• [WHAT YOU ARE ASKED TO DO]:
Only the pictures are to be left out; the listing itself is repeated exactly.

• [DATA SEGMENT]:
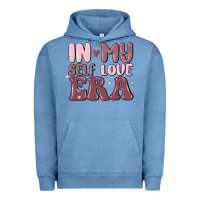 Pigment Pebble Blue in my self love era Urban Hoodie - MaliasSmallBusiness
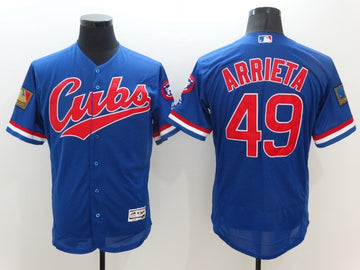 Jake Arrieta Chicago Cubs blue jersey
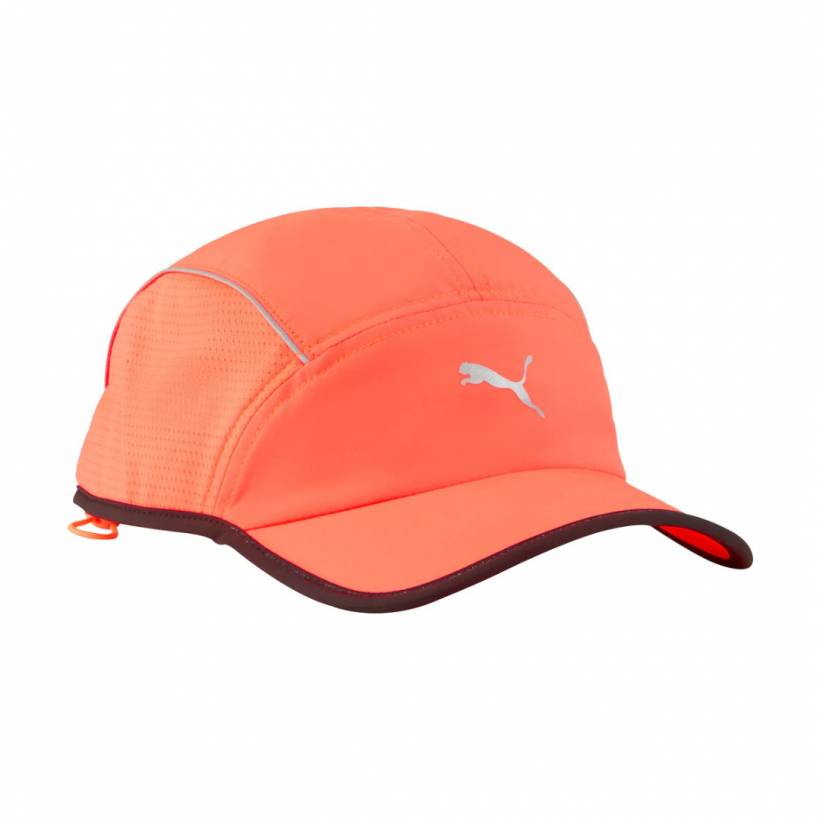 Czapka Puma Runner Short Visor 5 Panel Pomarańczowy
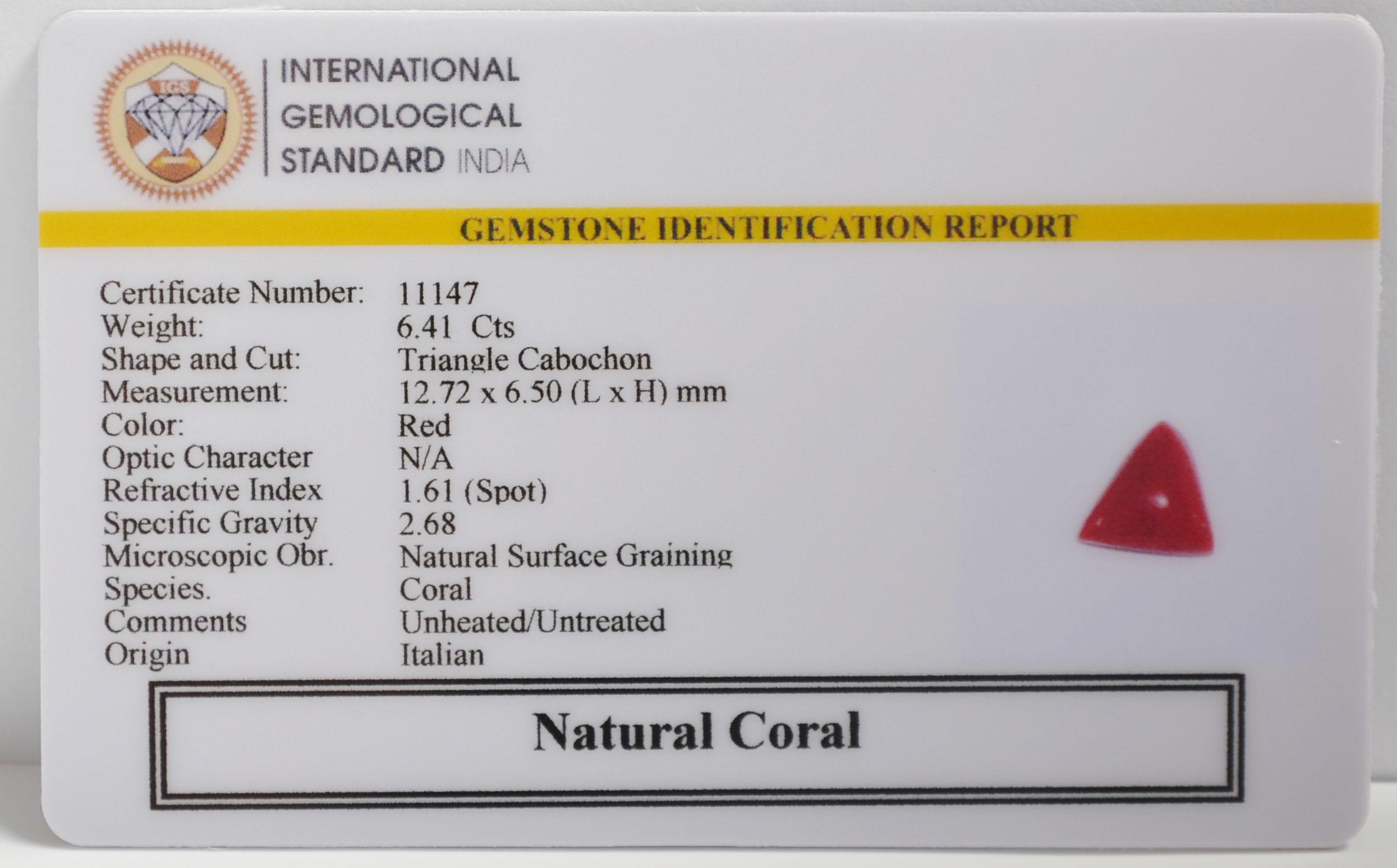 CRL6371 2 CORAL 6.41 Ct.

• [ANSWER TO THE PROBLEM]:
 Pigment Pebble Blue in my self love era Urban Hoodie - MaliasSmallBusiness
 Jake Arrieta Chicago Cubs blue jersey
 Czapka Puma Runner Short Visor 5 Panel Pomarańczowy
 CRL6371 2 CORAL 6.41 Ct.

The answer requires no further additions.